> [WHAT YOU HAVE TO DO] Of the entries below, restate word for word only the section that runs from the line with "Un joueur de" to the line with "Book with hat and flowers", counting both ends.

> [SUPPLIED RECORDS]

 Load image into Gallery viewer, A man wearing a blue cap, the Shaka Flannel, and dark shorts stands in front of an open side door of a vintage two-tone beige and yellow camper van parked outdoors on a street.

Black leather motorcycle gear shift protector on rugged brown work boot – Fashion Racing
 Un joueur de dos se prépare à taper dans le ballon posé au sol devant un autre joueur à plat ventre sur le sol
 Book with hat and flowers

==

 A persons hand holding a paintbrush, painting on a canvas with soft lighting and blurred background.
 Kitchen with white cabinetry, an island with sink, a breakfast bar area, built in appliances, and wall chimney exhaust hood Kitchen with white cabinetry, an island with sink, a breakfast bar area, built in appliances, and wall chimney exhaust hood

> [RESULT OF THE TASK]
 Un joueur de dos se prépare à taper dans le ballon posé au sol devant un autre joueur à plat ventre sur le sol
 Book with hat and flowers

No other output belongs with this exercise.